---------- Data to process

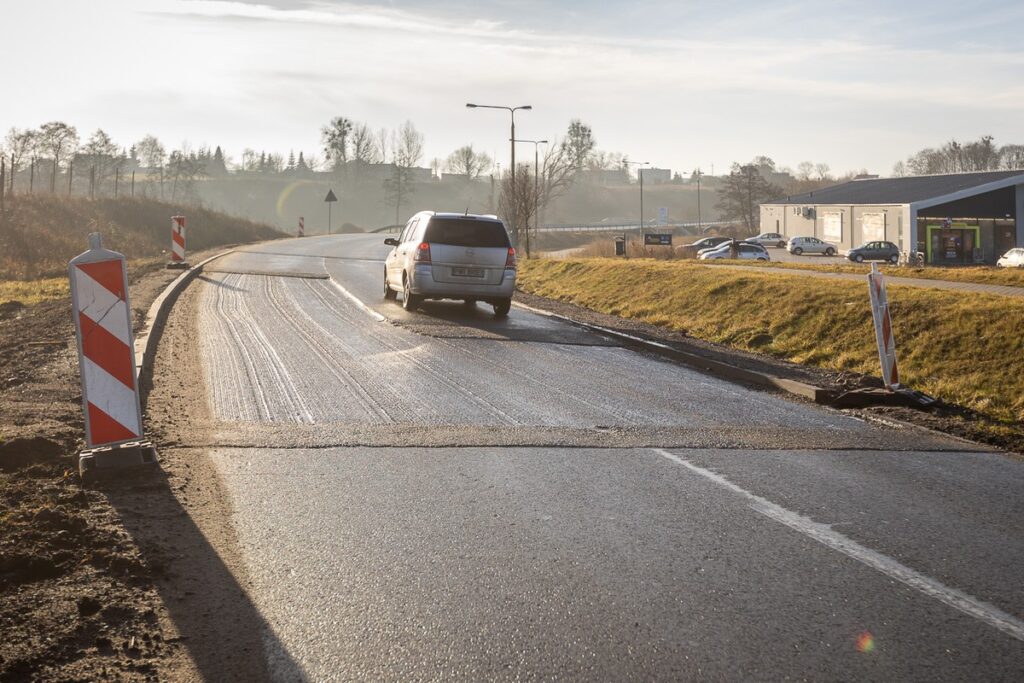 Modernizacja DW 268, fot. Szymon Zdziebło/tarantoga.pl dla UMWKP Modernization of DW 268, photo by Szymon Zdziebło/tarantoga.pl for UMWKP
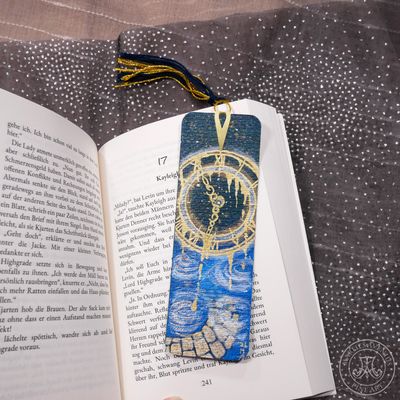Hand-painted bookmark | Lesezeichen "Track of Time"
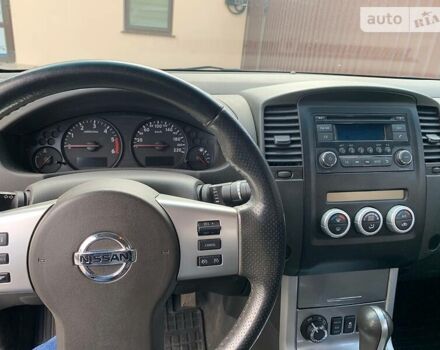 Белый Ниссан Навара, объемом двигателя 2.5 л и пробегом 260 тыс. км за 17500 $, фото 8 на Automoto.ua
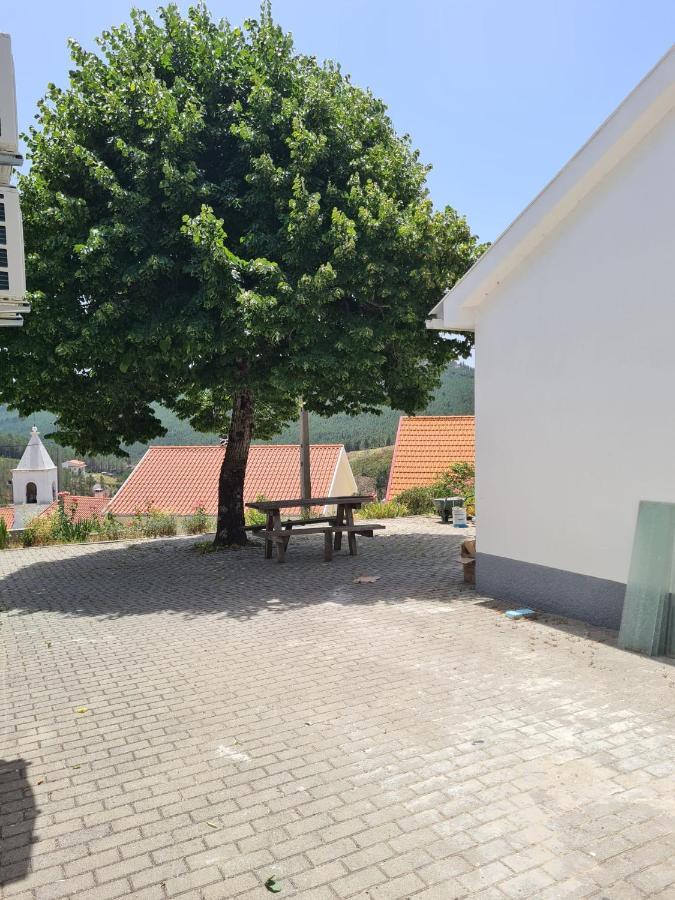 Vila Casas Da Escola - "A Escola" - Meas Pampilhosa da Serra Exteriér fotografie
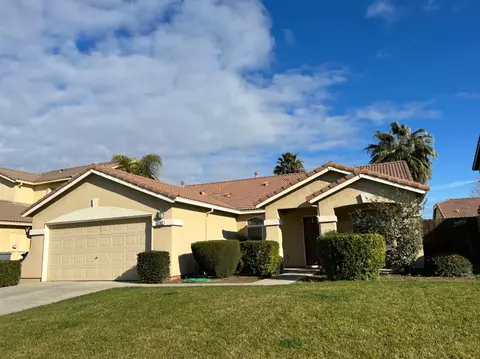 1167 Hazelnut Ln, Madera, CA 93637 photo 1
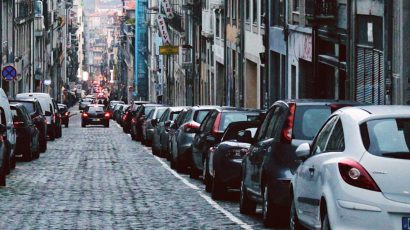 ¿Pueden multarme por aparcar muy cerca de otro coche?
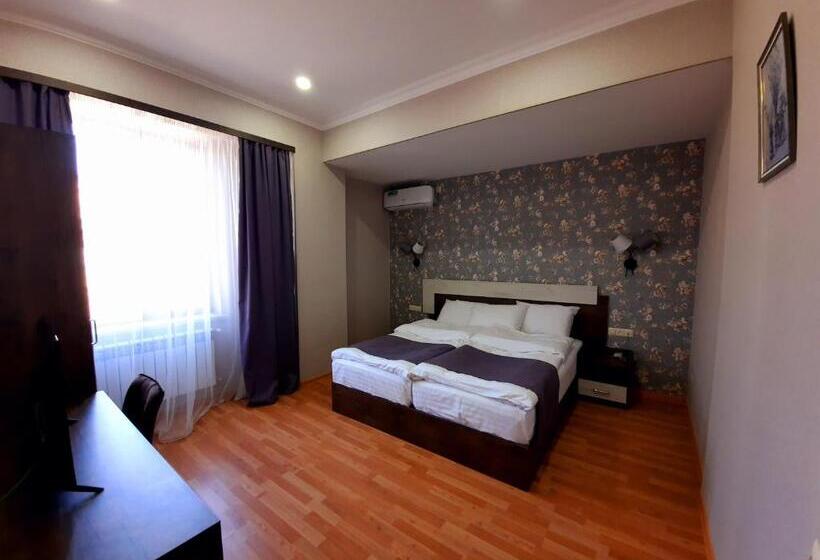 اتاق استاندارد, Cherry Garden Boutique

--------------------
---------- Data to process

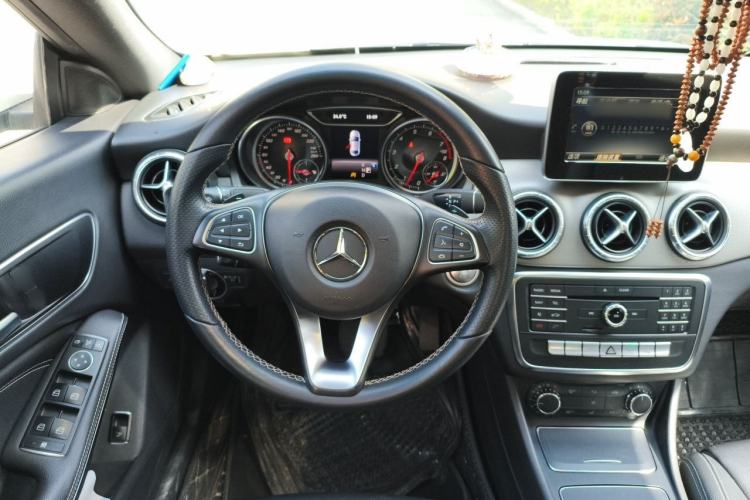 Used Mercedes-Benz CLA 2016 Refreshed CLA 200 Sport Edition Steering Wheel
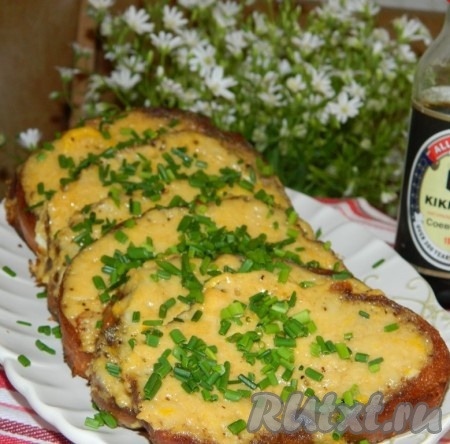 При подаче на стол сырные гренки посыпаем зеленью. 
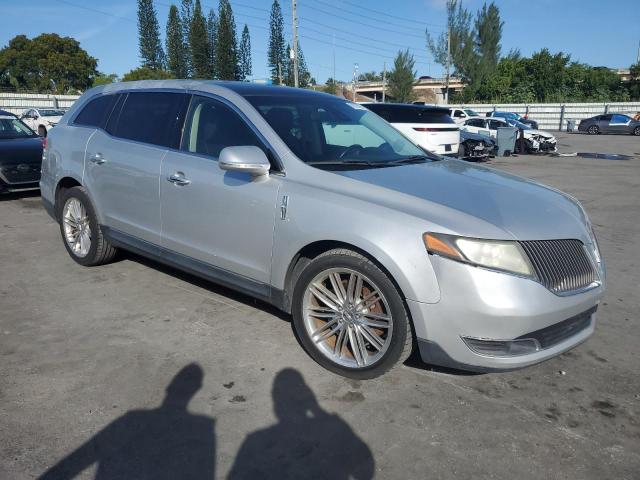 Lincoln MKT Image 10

--------------------
---------- Data to process

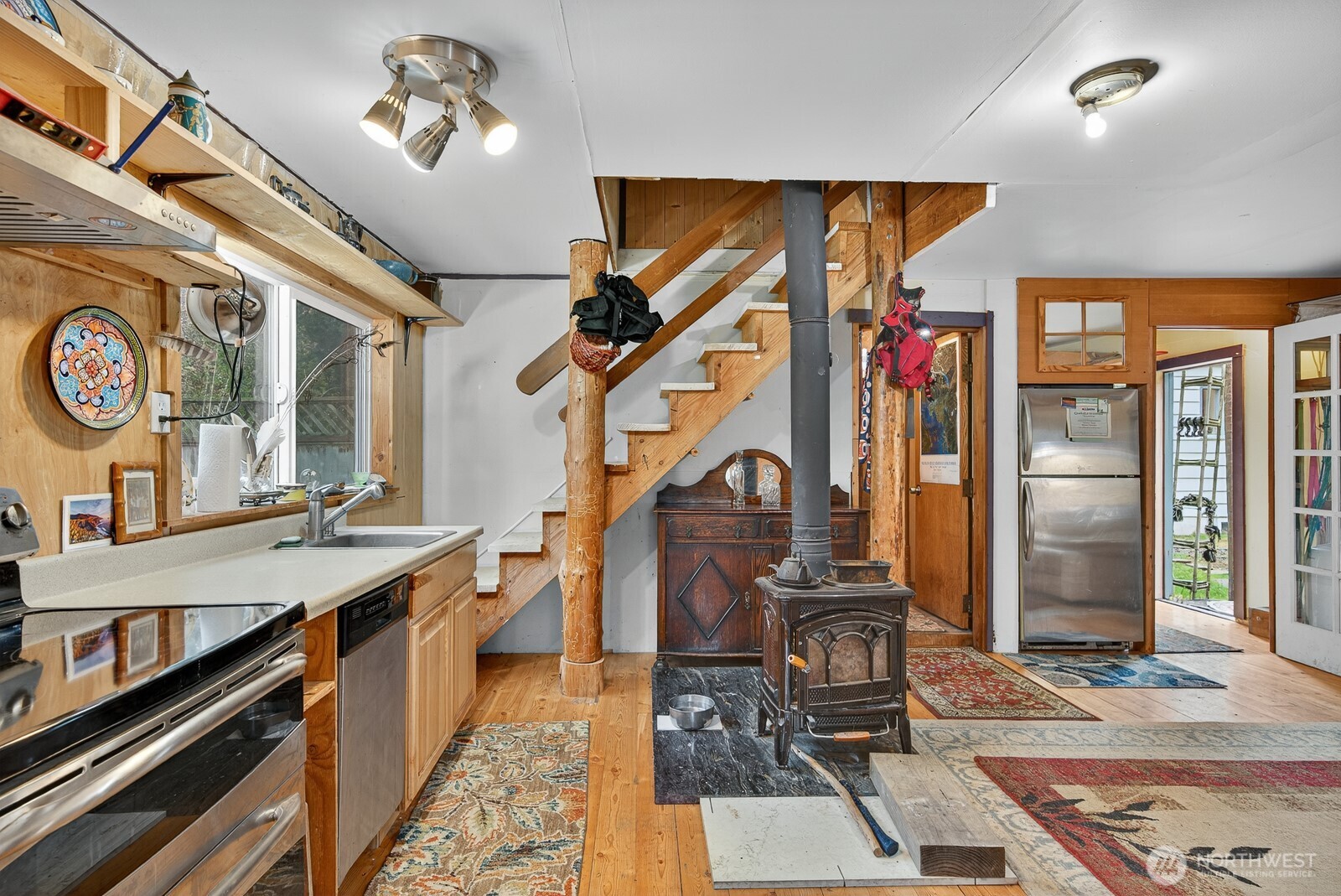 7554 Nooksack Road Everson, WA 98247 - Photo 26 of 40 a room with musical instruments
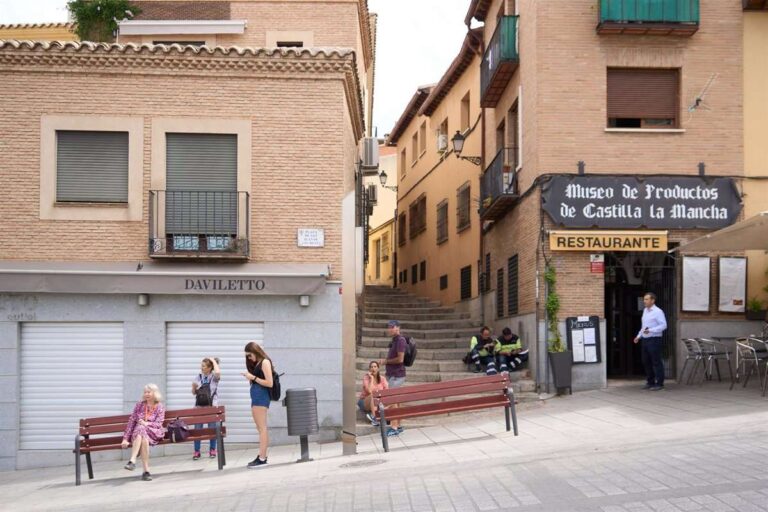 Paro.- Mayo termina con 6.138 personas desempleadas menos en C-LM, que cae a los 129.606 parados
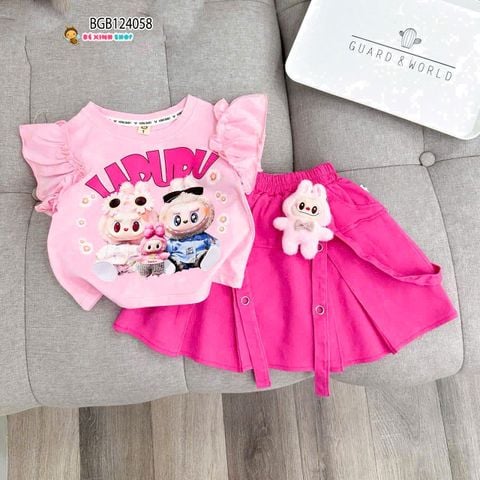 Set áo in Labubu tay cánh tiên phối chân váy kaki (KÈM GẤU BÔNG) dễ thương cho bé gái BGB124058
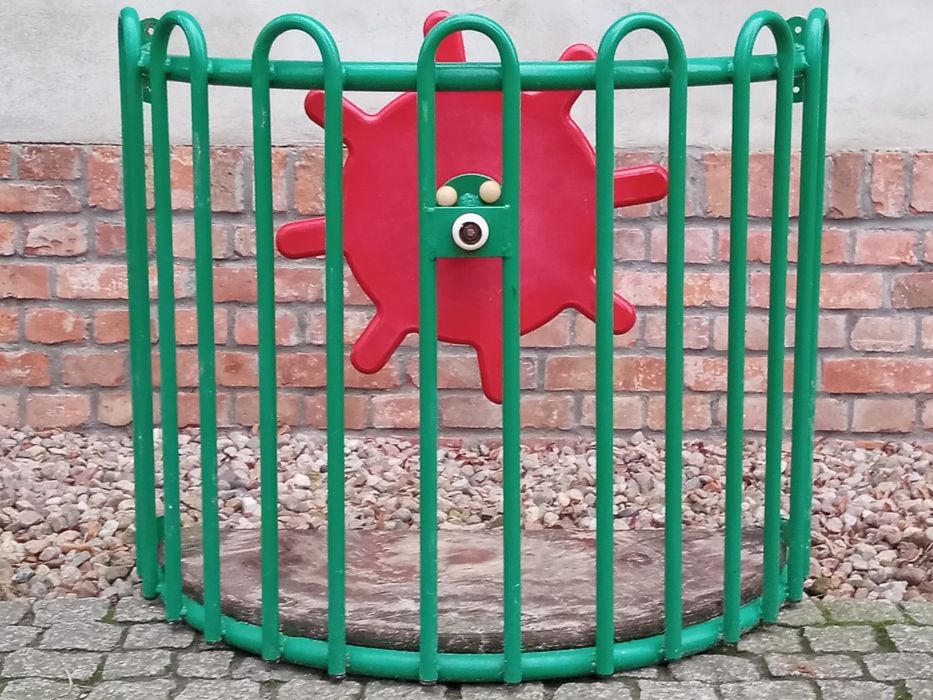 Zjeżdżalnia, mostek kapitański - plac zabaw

--------------------

Among the lines above, the one with "Modernizacja DW 268, fot." opens the part to repeat and the one with "Vila Casas Da" closes it; repeat only that part exactly, with no pictures.

 Modernizacja DW 268, fot. Szymon Zdziebło/tarantoga.pl dla UMWKP Modernization of DW 268, photo by Szymon Zdziebło/tarantoga.pl for UMWKP
Hand-painted bookmark | Lesezeichen "Track of Time"
 Белый Ниссан Навара, объемом двигателя 2.5 л и пробегом 260 тыс. км за 17500 $, фото 8 на Automoto.ua
 Vila Casas Da Escola - "A Escola" - Meas Pampilhosa da Serra Exteriér fotografie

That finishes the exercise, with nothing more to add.